* _DESCRIPTION OF THE TASK_:
Pictures excluded, copy word for word the lines from the one holding "More Photos Of" through the last line below.

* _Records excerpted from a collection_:
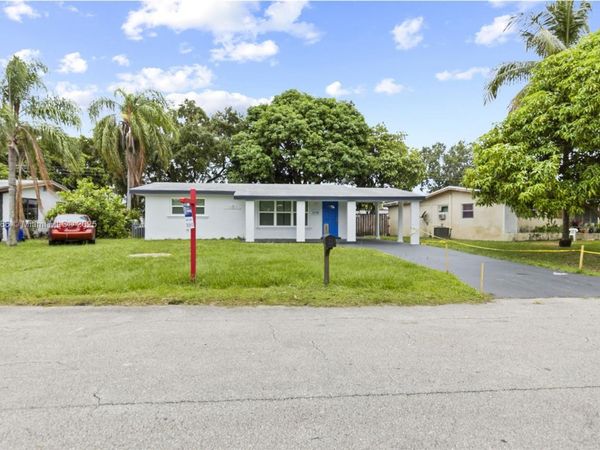 2506 Havana Dr, Miramar, FL 33023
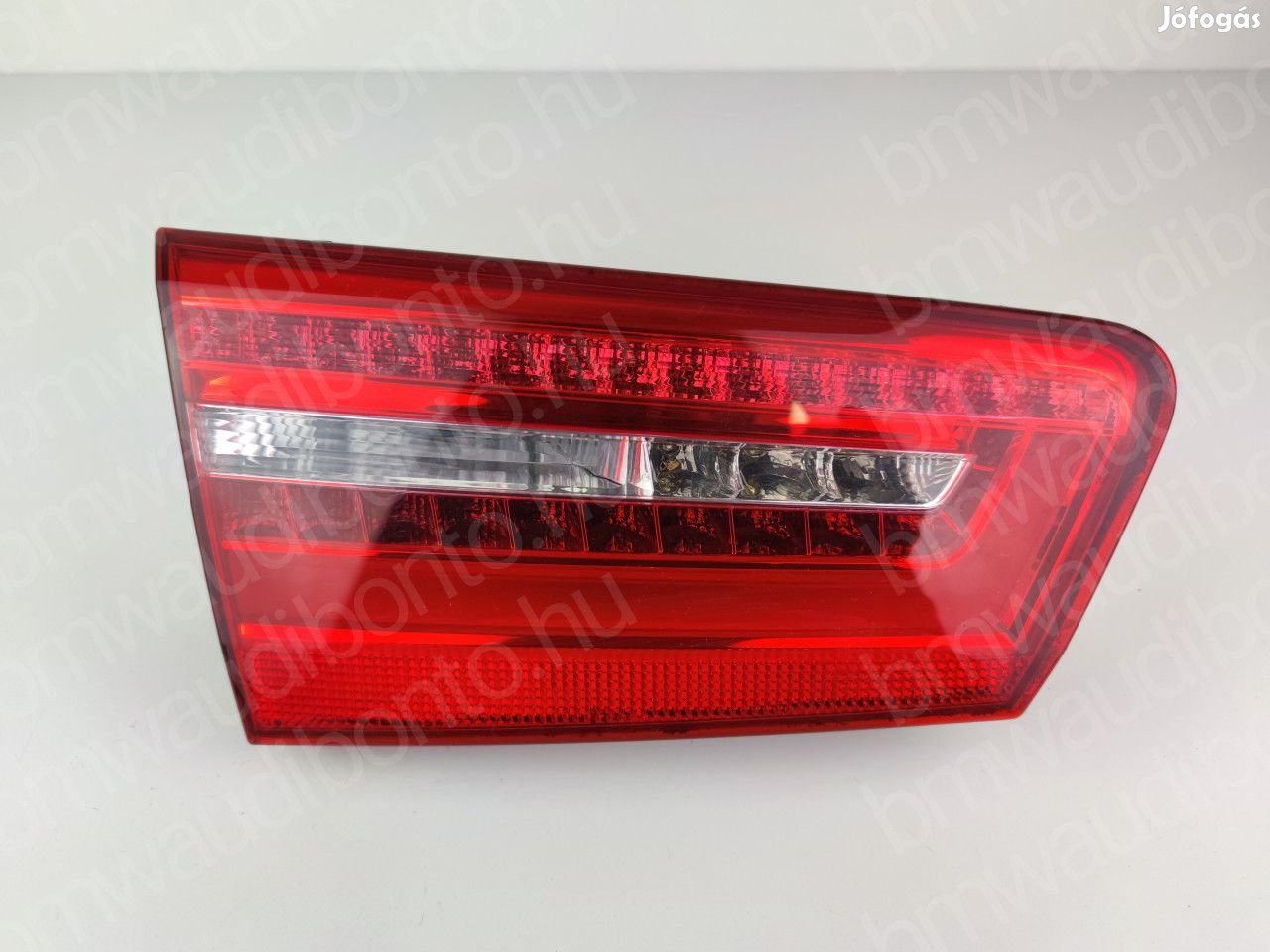 AUDI A6 C7 Avant (4G5, 4GD) Bal belső hátsó lámpa (4G9945093B)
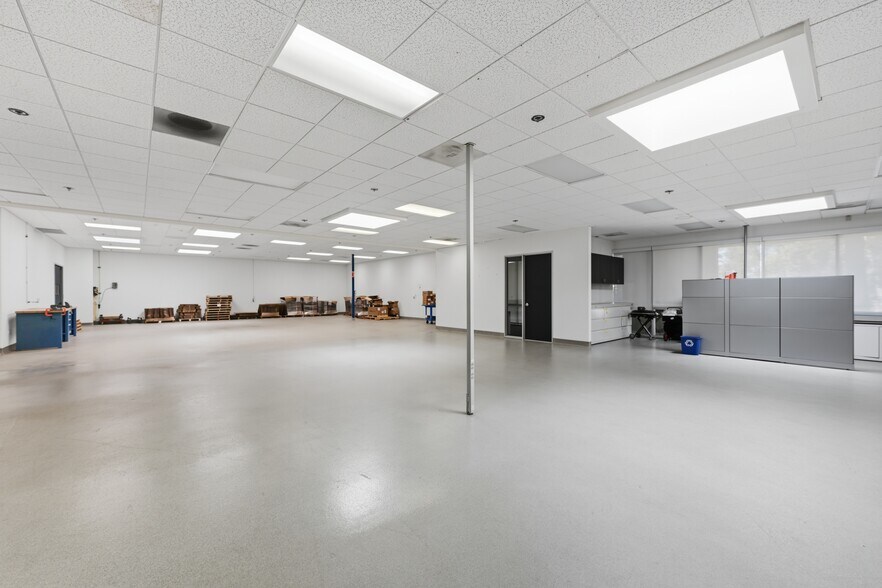 More Photos Of 9170-9190 Camino Santa Fe, San Diego Light Manufacturing For Sale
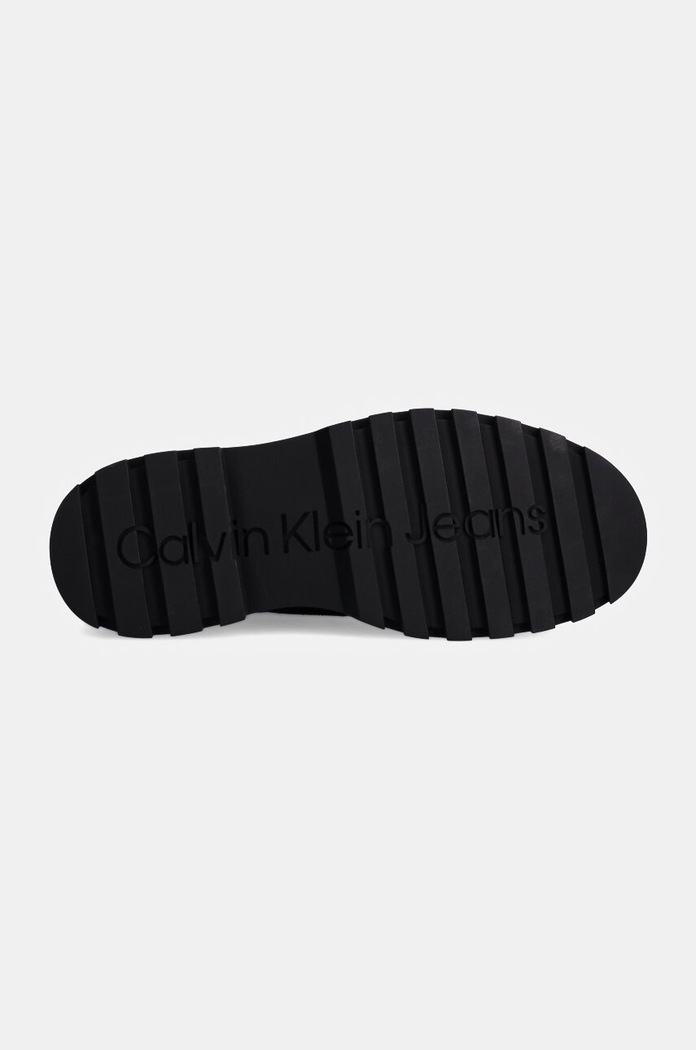 Piščančki iz semiša Calvin Klein Jeans LUGGED LACE ZIP BOOT OXF HR SU YM0YM01068 črna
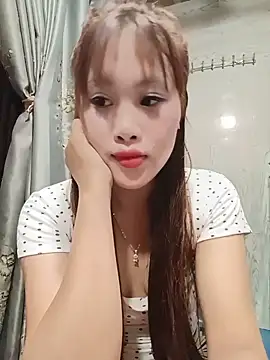 Ly-sexyy online show from May 23, 9:30 am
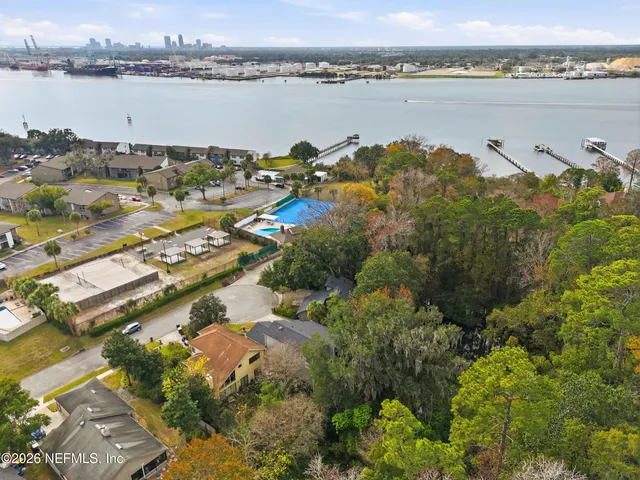 $379,000 | 3526 Bridgewood Drive, Jacksonville, FL 32277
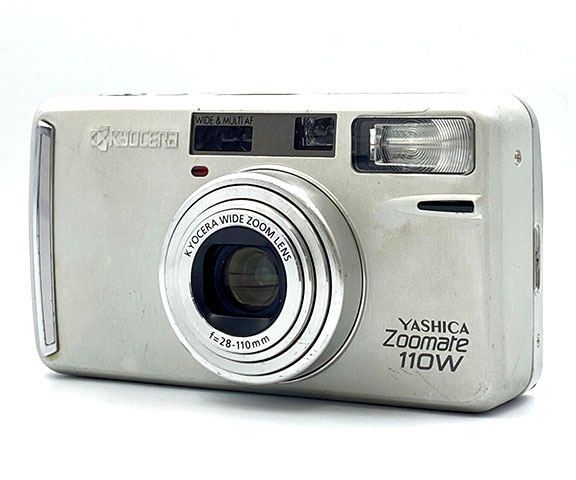 Yashica Zoomate 110 W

* _WRITTEN SOLUTION_:
 More Photos Of 9170-9190 Camino Santa Fe, San Diego Light Manufacturing For Sale
 Piščančki iz semiša Calvin Klein Jeans LUGGED LACE ZIP BOOT OXF HR SU YM0YM01068 črna
 Ly-sexyy online show from May 23, 9:30 am
 $379,000 | 3526 Bridgewood Drive, Jacksonville, FL 32277
 Yashica Zoomate 110 W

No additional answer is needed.